### Input material
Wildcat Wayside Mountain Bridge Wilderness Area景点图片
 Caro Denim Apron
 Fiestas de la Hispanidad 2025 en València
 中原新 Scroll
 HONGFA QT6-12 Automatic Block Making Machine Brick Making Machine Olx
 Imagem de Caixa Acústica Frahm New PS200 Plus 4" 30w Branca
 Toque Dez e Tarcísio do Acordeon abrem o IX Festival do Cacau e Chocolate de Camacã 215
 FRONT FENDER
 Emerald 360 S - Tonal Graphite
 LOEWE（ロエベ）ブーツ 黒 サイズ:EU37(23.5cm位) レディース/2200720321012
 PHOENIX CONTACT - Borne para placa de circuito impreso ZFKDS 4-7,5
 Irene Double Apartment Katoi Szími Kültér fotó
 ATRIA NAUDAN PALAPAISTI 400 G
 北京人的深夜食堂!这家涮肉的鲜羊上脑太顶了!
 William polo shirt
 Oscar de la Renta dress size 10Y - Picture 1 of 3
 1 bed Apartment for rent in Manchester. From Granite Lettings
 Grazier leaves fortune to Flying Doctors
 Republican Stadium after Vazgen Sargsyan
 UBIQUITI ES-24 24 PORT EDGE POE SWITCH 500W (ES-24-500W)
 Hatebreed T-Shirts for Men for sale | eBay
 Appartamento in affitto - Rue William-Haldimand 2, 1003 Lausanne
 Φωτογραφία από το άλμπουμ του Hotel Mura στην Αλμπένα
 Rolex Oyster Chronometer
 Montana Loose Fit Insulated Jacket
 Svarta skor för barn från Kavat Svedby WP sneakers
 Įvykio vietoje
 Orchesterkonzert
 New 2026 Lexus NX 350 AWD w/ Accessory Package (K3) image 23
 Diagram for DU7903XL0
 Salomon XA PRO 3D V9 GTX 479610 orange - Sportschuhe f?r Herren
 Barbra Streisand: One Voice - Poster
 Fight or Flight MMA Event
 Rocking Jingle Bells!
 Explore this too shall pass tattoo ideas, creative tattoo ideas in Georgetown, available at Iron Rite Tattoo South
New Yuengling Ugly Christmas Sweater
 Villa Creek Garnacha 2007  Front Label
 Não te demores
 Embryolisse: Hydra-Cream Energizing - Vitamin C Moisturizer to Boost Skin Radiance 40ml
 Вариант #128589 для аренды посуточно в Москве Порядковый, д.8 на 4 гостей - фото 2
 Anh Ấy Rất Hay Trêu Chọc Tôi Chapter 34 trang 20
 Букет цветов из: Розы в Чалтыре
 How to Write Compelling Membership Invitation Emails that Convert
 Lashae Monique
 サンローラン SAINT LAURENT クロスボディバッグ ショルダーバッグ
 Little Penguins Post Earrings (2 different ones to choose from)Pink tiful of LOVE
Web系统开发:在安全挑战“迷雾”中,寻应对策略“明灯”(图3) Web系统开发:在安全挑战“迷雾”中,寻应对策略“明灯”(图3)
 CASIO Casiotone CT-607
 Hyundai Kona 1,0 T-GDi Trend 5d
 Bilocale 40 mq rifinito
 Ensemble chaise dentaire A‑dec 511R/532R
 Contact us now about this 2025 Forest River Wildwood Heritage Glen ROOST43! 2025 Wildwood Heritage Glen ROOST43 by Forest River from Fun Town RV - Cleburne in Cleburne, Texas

### What the task asks
Beginning with the line above that contains "Explore this too", copy each line exactly up to and including the line that contains "Não te demores", and go no further.

### Task result
 Explore this too shall pass tattoo ideas, creative tattoo ideas in Georgetown, available at Iron Rite Tattoo South
New Yuengling Ugly Christmas Sweater
 Villa Creek Garnacha 2007  Front Label
 Não te demores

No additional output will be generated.